Find your advisor's fast lane for client lead generation

Here’s where and how senior leaders are nurturing agency leads.

Find your advisor's fast lane for client lead generation

“When I started my career, everybody I worked with could knock on a door," said Patrick Scott, a Cincinnati, Ohio, USA-based agency leader with 30 years of financial services experience, recalling his initial efforts to generate leads when he started out. "They could go up and down the street, knock on doors, get appointments that day. And it was lucrative.”

But he found it challenging. "For many reasons, I just wasn’t effective at door knocking,” he said. It was a valuable early lesson: What works for one advisor may not work for another. “By contrast, if I did a seminar, people would come out in droves. I could have standing-room only,” he said. He’s stuck with seminars ever since. 

Agency websites, word of mouth, social media, digital newsletters and events are the most common marketing approaches for advisors, according to a recent Broadridge report. The report reveals 63% of advisors are actively seeking to add new clients, but only 43% are seeing increases in inbound prospect requests. 

Seminars stay the course 

Roadshows, networking and dedicated lunchtime seminars for companies are core lead generation drivers for Gwen Tan, ChFC/S, BSc (Hons), a Singapore-based financial services leader with more than a decade of experience and six colleagues on her team. “Our senior advisors lead the seminars, and our juniors facilitate. The leads that we generate there, we share with the juniors as well,” she said. 

Advisors then follow up with any attendees who engage with them during the event. "If I'm engaging with you and I sense you have a strong need for a particular service or product, then I take on the follow-up. This lead becomes mine simply because I have engaged with you during the event.”  

Occasionally, Tan will then delegate the account servicing to a junior advisor. “It might be that I’m not looking for new clients, but this teammate is building their client base. For the client, they can rest assured they are being fully supported by my experience, to ensure they are not being shortchanged simply because the advisor is earlier in tenure.” 

Family referrals  

Financial services director Shalyn Lee, BSc, CIAM, decided early on that she wanted to work almost exclusively with families.

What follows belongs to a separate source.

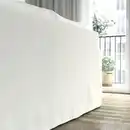 Bild 4 von HYLTARP 3er-Sofa mit Récamiere, rechts, Hallarp weiß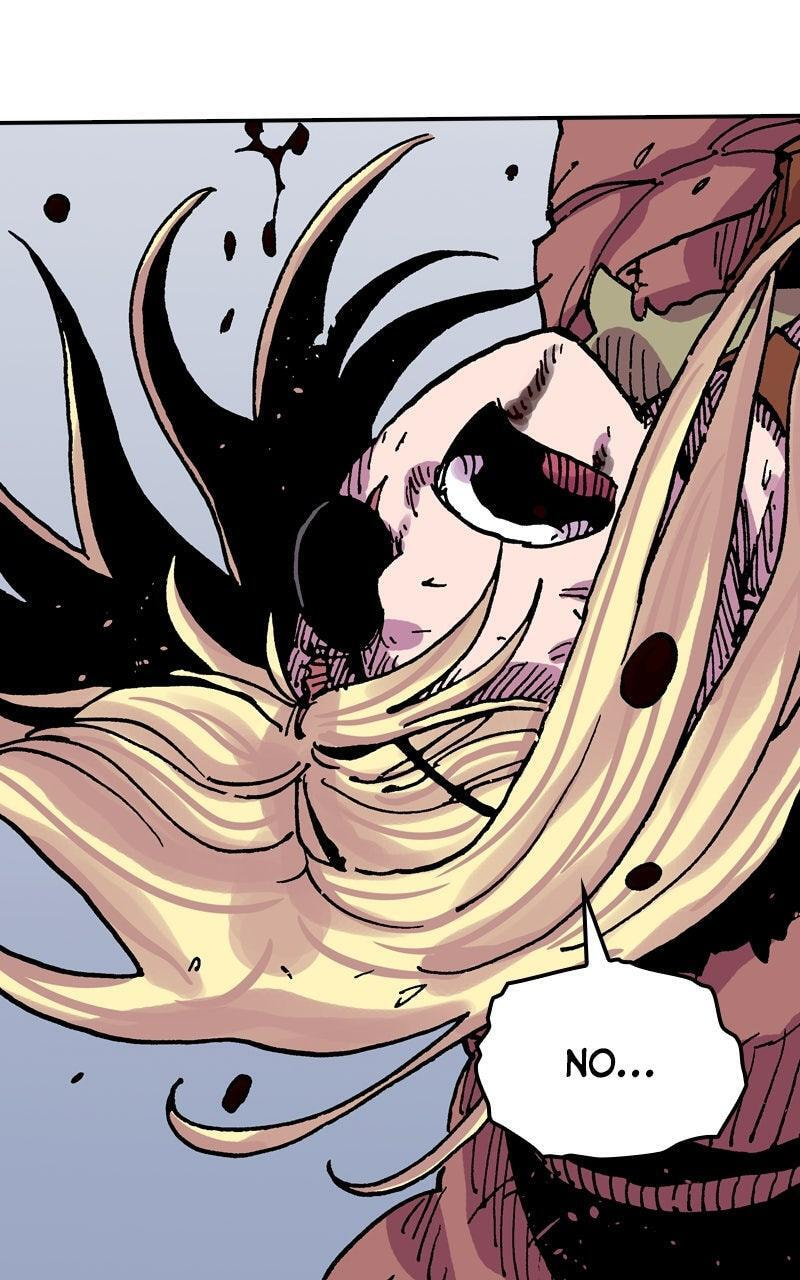 Clevatess Chapter 56 page 21 -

Lee has spent the past 15 years of a 17-year financial services career in Singapore building her reputation as a trusted family consultant who can provide coverage and advice around various phases of family life.

“I like to do business with families because I always believe people who buy insurance are people who love their family. And people who stay in this business are usually people who love their clients,” Lee said.

To reach families, Lee’s team partners with local indoor playgrounds to run seminars for parents. The agency also runs advertising promotions across bubble tea stores, which sell the hugely popular beverage to a predominantly mid-teen customer base.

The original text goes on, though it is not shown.